» **TASK DETAILS**
Look below for the line that contains "center_image" and the line that contains "FESTINA FOND NOIR BCLT...", then restate both of them and every line in between, exactly. No picture goes in the copy.

» **GIVEN DATA**

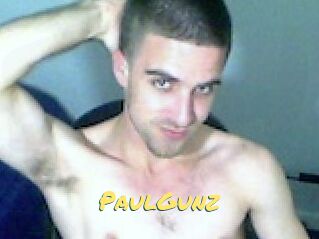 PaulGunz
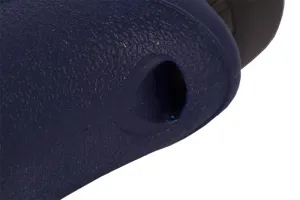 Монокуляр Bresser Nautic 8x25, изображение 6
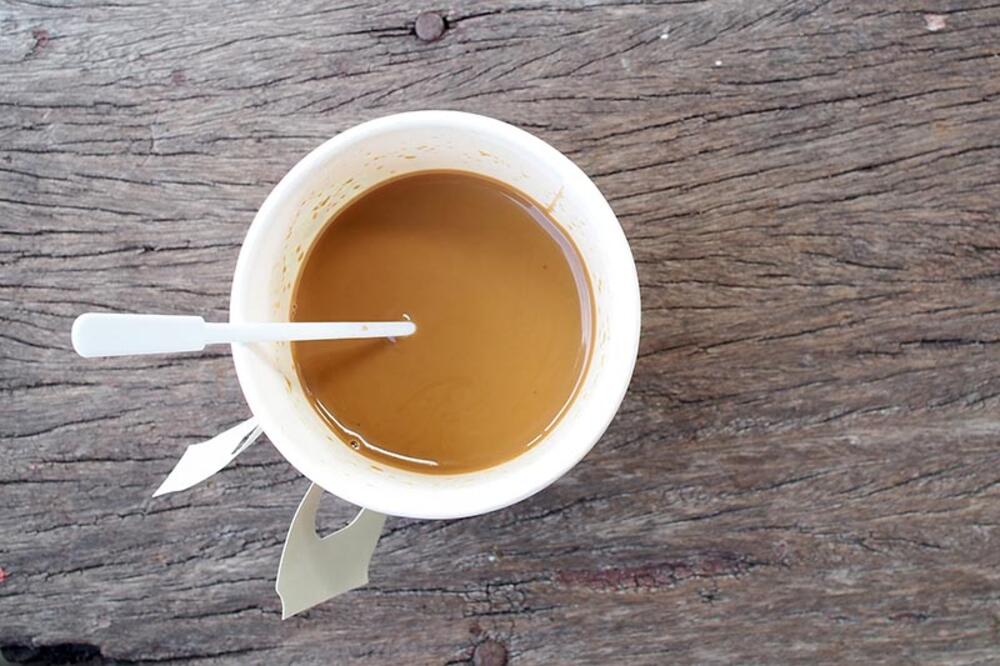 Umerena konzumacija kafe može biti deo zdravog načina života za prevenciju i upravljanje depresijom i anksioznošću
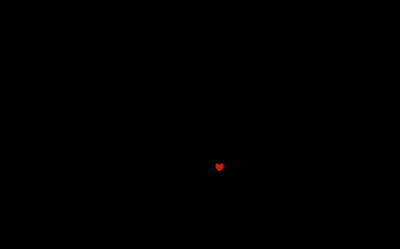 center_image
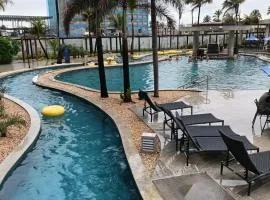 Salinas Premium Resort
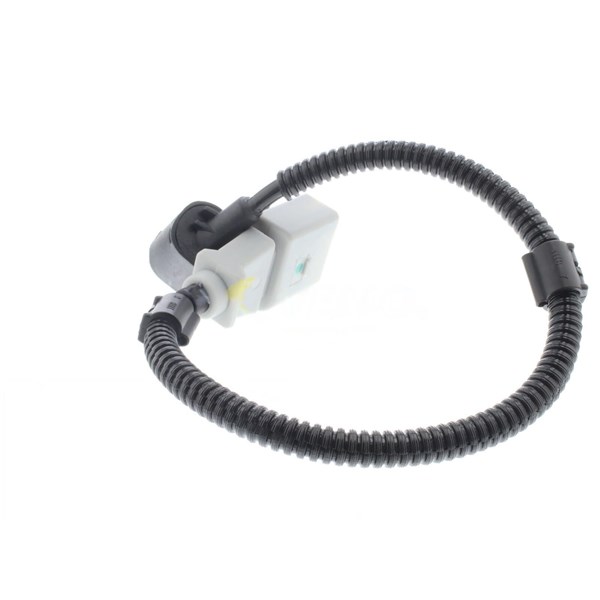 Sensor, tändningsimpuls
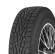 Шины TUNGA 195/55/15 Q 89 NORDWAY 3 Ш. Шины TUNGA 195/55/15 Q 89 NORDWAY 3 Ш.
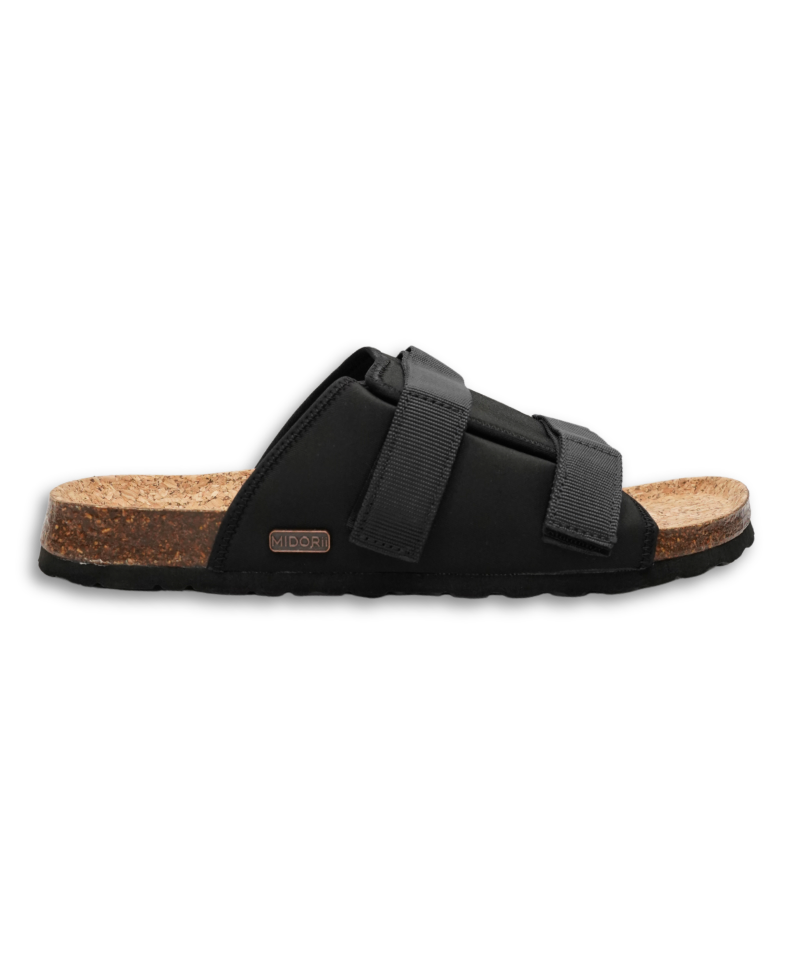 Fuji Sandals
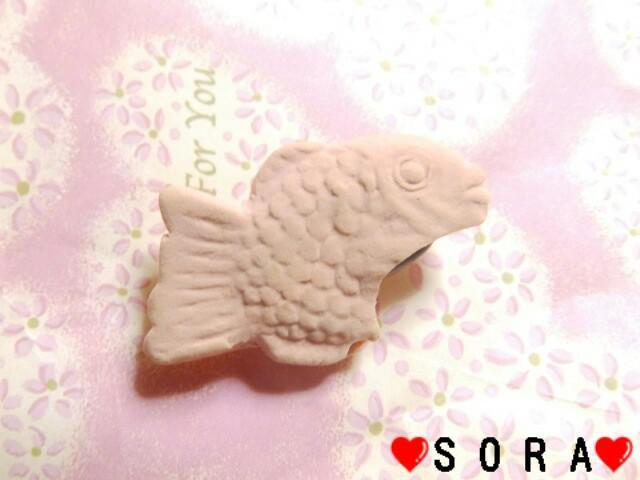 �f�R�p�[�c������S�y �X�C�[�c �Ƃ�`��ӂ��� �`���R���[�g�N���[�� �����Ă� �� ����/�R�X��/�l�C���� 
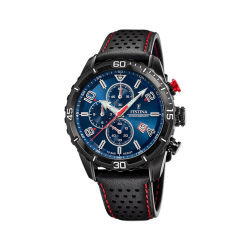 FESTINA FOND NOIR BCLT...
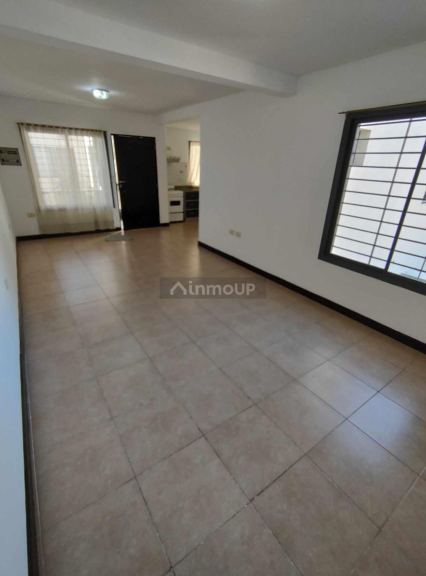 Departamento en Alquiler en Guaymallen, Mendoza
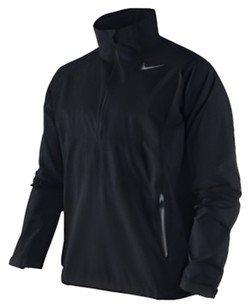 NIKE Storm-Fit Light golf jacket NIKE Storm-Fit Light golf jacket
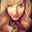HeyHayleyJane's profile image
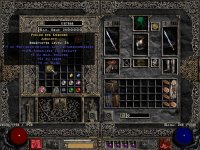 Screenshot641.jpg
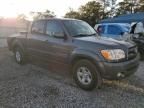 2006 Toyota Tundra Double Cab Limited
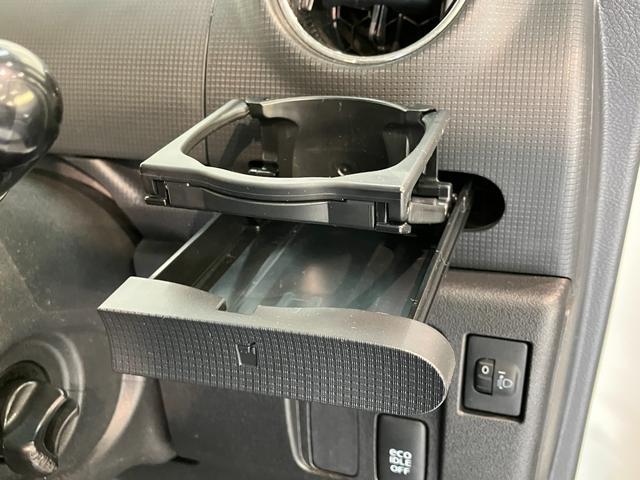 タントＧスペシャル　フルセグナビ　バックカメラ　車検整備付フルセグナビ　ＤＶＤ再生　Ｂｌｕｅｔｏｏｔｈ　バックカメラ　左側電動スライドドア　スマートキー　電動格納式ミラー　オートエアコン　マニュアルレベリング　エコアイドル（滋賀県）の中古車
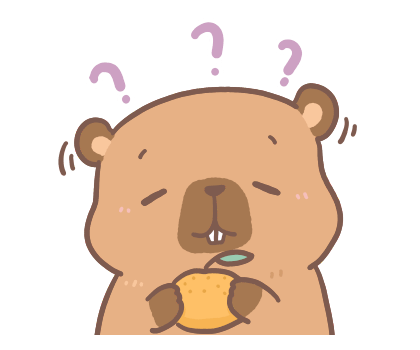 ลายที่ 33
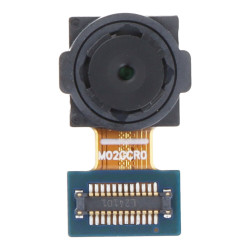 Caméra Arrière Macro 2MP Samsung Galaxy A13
...
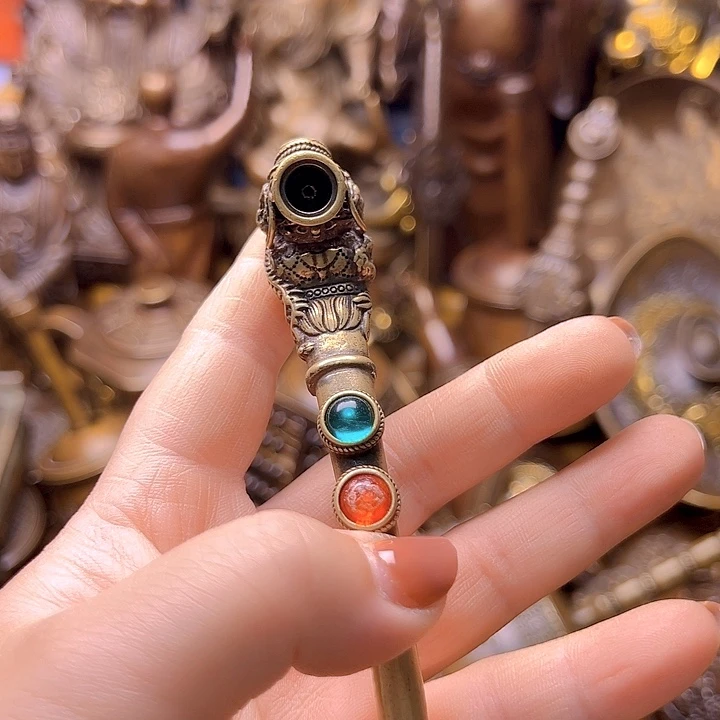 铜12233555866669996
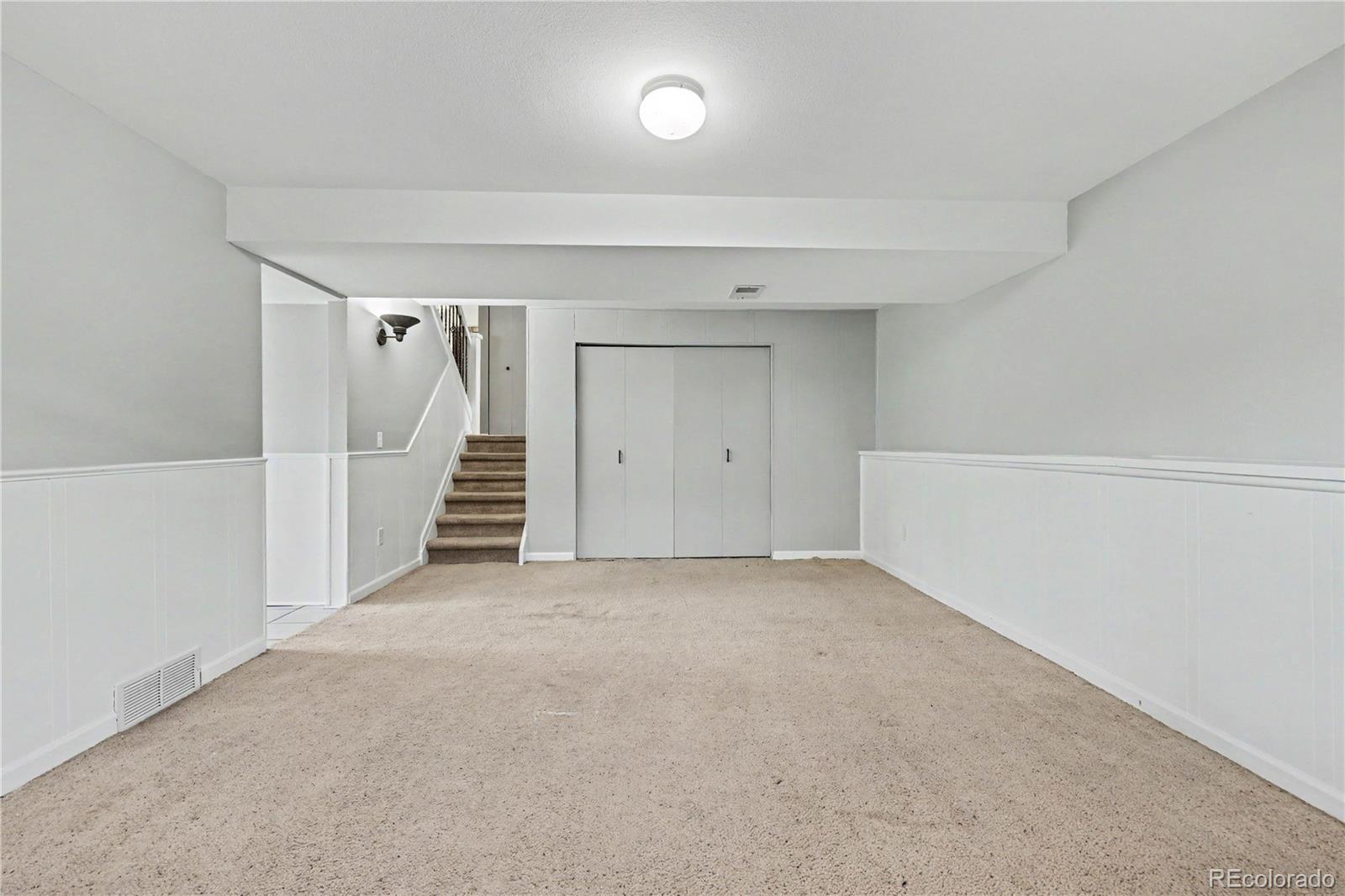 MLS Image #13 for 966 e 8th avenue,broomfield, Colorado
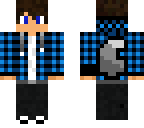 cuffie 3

» **SOLUTION TO THIS PROBLEM**
 center_image
 Salinas Premium Resort
 Sensor, tändningsimpuls
 Шины TUNGA 195/55/15 Q 89 NORDWAY 3 Ш. Шины TUNGA 195/55/15 Q 89 NORDWAY 3 Ш.
 Fuji Sandals
 �f�R�p�[�c������S�y �X�C�[�c �Ƃ�`��ӂ��� �`���R���[�g�N���[�� �����Ă� �� ����/�R�X��/�l�C���� 
 FESTINA FOND NOIR BCLT...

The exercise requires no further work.